My kindergartner likes it.
I miss the little g.
Just some of the reactions I’ve heard to Google’s new logo reveal today. For a brand that has so greatly shaped the way we interface with the internet and each other, the ways we think, the ways we resolve arguments and even the ways we work, just to name a few, any shift or evolution is going to be tricky, but that doesn’t mean it shouldn’t be done.

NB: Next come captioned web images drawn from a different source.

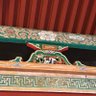 Фото профиля がじゅまる☆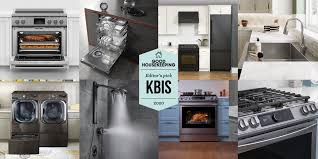 Maybe you would like to learn more about one of these? The Best Of The 2020 Kitchen And Bath Industry Show Most Innovative Products From Kbis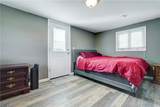 1393 Vroom Road - Photo 19
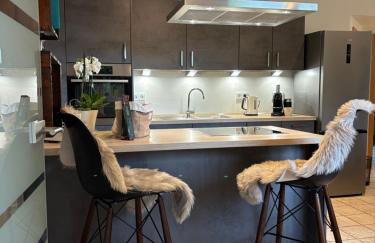 Domblick und Eifelwind - Wohlfühlen und Erholen - Foto 26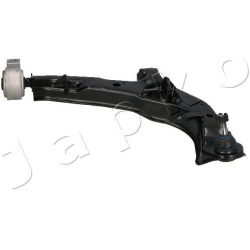 pakabos svirtis
                                JAPKO                                72124R, Nenurodytas gamintojas, 72124R, 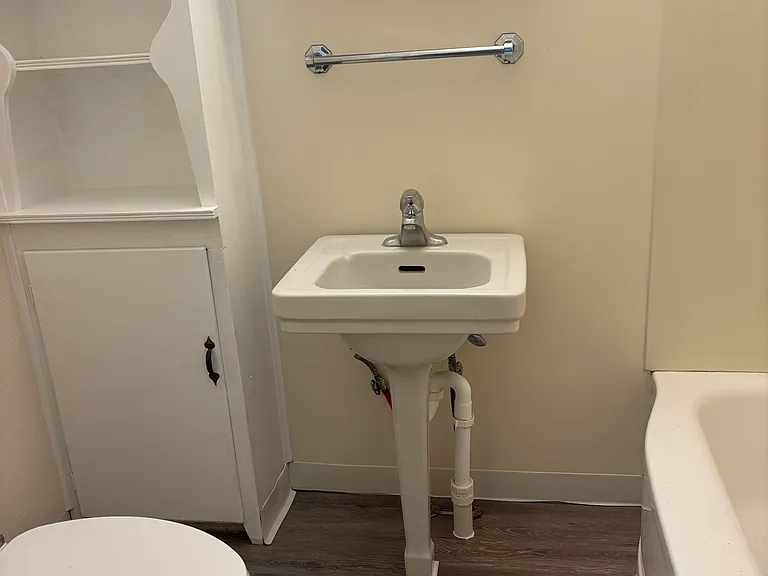 31 N Main St #3 — Photo 5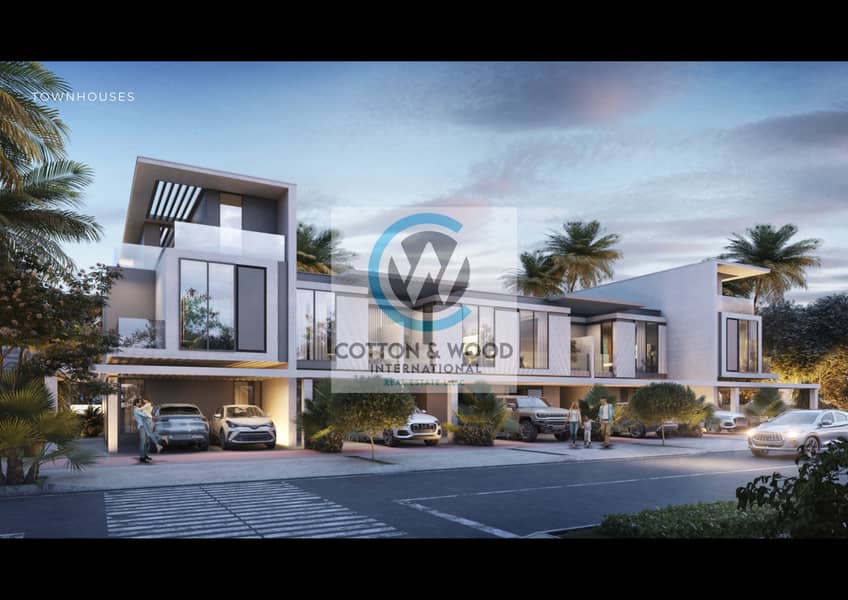 13 DAMAC ISLANDS. pdf. zip - 13. png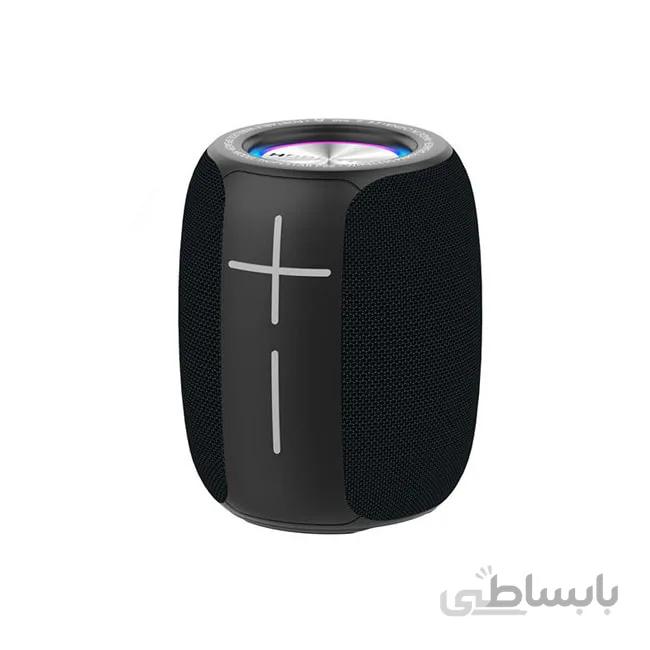 اسپیکر بلوتوثی هوپ استار مدل P22 Party2 Party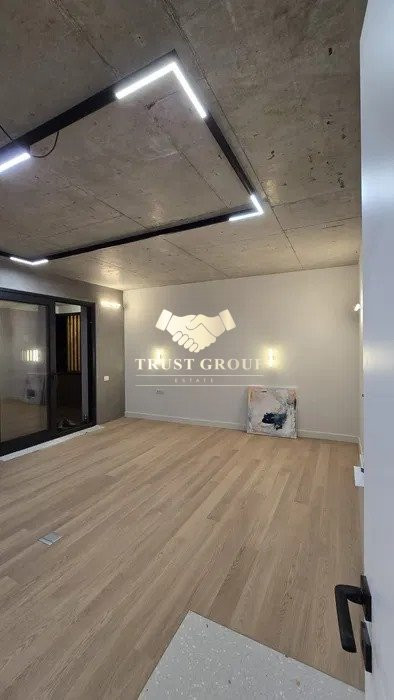  Ultracentral -eleganță, tehnologie și confort la superlativ -   Duplex exclusiv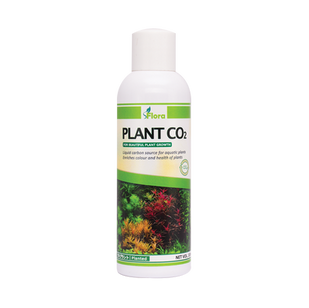 PLANT CO 2  100ml.png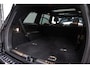 Mercedes-Benz GLS 500 4MATIC AMG STYLING BTW auto, AMG Exclusive Package. (€ 45.413.22 Ex B.T.W) DEALER AUTO 7 Persoonsuitvoering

According to Google’s official blog:
So why are we doing this now? Once upon a time, Google was one destination that you reached from one device: a desktop PC. These days, people interact with Google products across many different platforms, apps and devices—sometimes all in a single day. You expect Google to help you whenever and wherever you need it, whether it’s on your mobile phone, TV, watch, the dashboard in your car, and yes, even a desktop! Today we’re introducing a new logo and identity family that reflects this reality and shows you when the Google magic is working for you, even on the tiniest screens. As you’ll see, we’ve taken the Google logo and branding, which were originally built for a single desktop browser page, and updated them for a world of seamless computing across an endless number of devices and different kinds of inputs (such as tap, type and talk).

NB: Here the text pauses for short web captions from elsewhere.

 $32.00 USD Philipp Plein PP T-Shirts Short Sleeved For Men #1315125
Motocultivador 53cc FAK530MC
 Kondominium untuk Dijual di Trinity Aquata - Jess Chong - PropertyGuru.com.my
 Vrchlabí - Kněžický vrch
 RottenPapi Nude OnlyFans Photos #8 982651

All in all, Google kicked the tires on its logo and sought a design that would be more efficient and streamlined in all the different capacities that it might appear (which applies to all extensions beyond the core logo as well). Via a custom geometric sans typeface called Product Sans, the new logo has a more even weight across all its letter forms and harkens schoolbook letter printing, which in conjunction with the vibrant hues, certainly does give a nod to familiar school bulletin board letters. The logo will also no longer be static, but incorporate the animation of 4 color dots, where applicable like on Search and Chrome, which will help to breathe some life into our interactions with these products. Additionally, Google will be revamping all it’s logos in this new, flat look and rolling those out over time; Google+ is already using it’s new look.
That being said, I do take issue with the criticism that “I could have made it in 5 minutes” or “Whatever. It’s just a font.” I remember when Yahoo unveiled its new logo design and its changes were met with similar criticisms. Yahoo’s CEO and President Marissa Mayer talked about the in-house design process on her blog, which added fuel to the fire. However, with its redesign, Google not only cared about the appearance and optimization of its new look, but really cared about the design of it and gave it the respect and attention needed to create design through thoughtful collaboration.

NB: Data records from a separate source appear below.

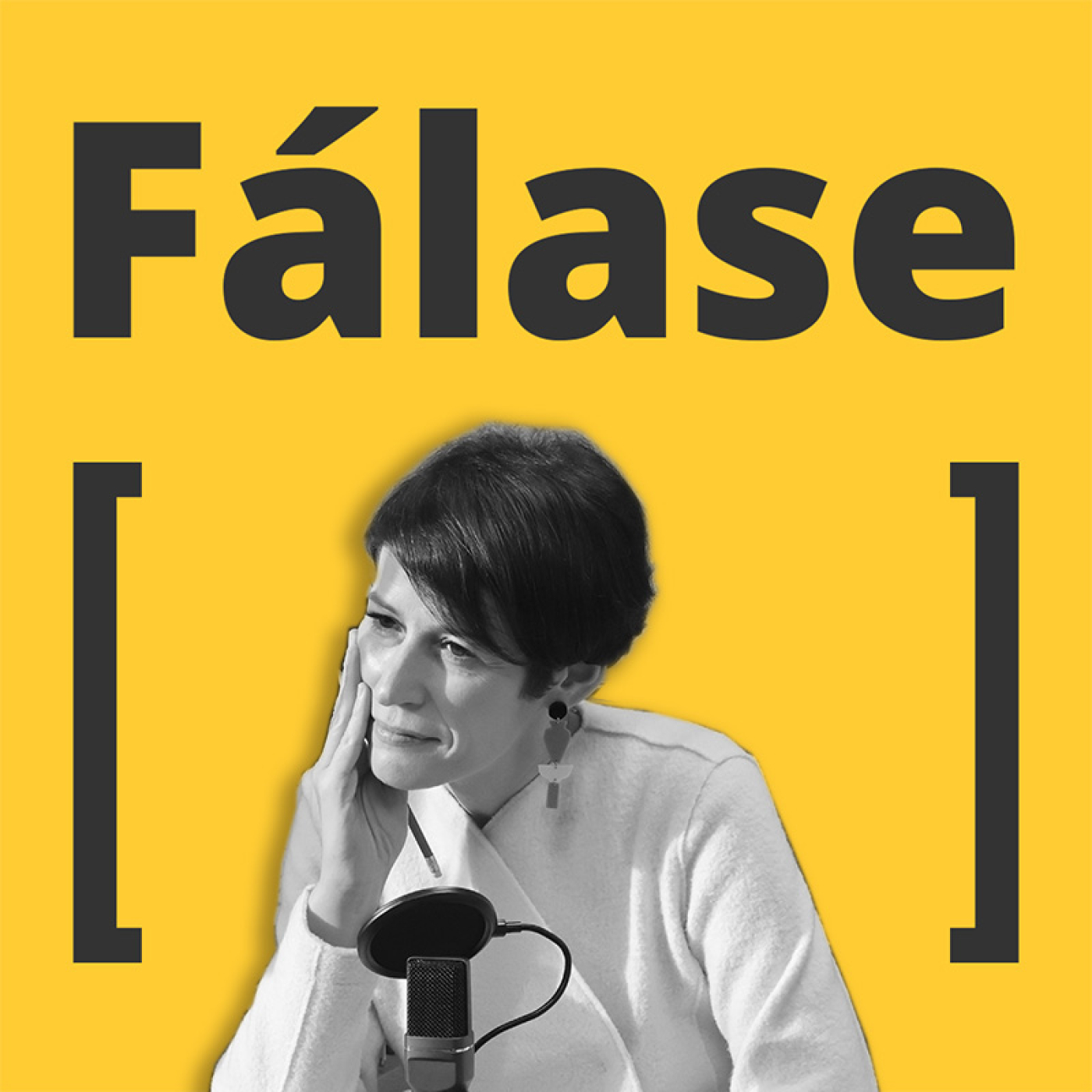 Fálase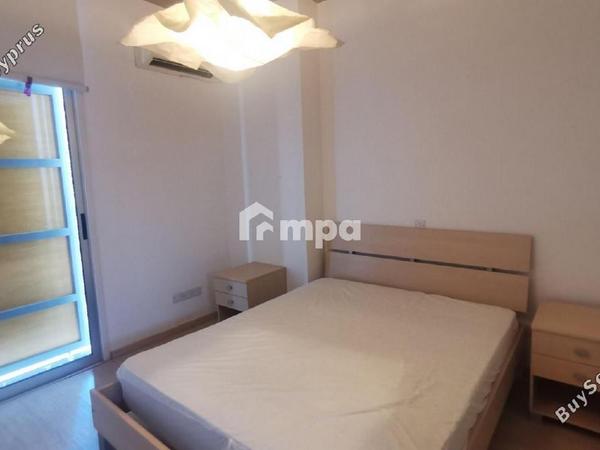 4 bedroom detached house for sale kallithea nicosia 1728992 image 4644654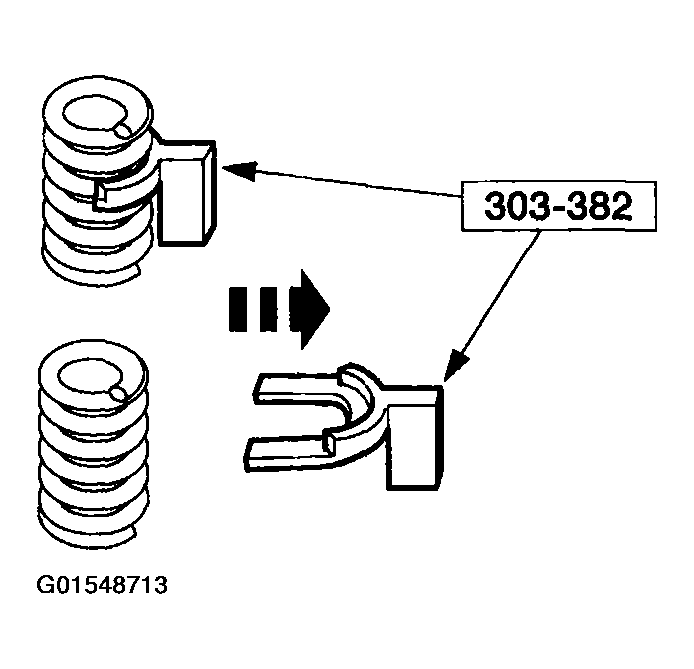 G01548713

Shedding some insight into evolving Google identity process:
Early this year, designers from all across the company, including Creative Lab and the Material Design team, convened in New York for an intense, week-long design sprint. We drafted a brief that identified four challenges we wanted to address:
A scalable mark that could convey the feeling of the full logotype in constrained spaces.
The incorporation of dynamic, intelligent motion that responded to users at all stages of an interaction.
A systematic approach to branding in our products to provide consistency in people’s daily encounters with Google.
A refinement of what makes us Googley, combining the best of the brand our users know and love with thoughtful consideration for how their needs are changing.
The peek at the design process is fascinating for a design geek like myself, but also, I think it is educational for people to get a better understanding of what it takes to create an entirely new brand system. It’s not something you crank out in 5 minutes and it’s not something that just anyone can do. A critical eye for design is imperative as are gut instincts that have developed from experience, that define edits and filters. There are complexities and nuances that have to be thought through, evaluated and vetted by, who knows how many, decision makers, and that’s just the foundation of the system. Regardless of Monday morning quarterbacking and kneejerk reactions to the new logo, you’ve got to know that Google respects the design process and in talking about it, helps to elevate and acknowledge the process as a craft beyond making something look pretty (don’t get me on that soap box), but one of skill, critical thinking and problem solving.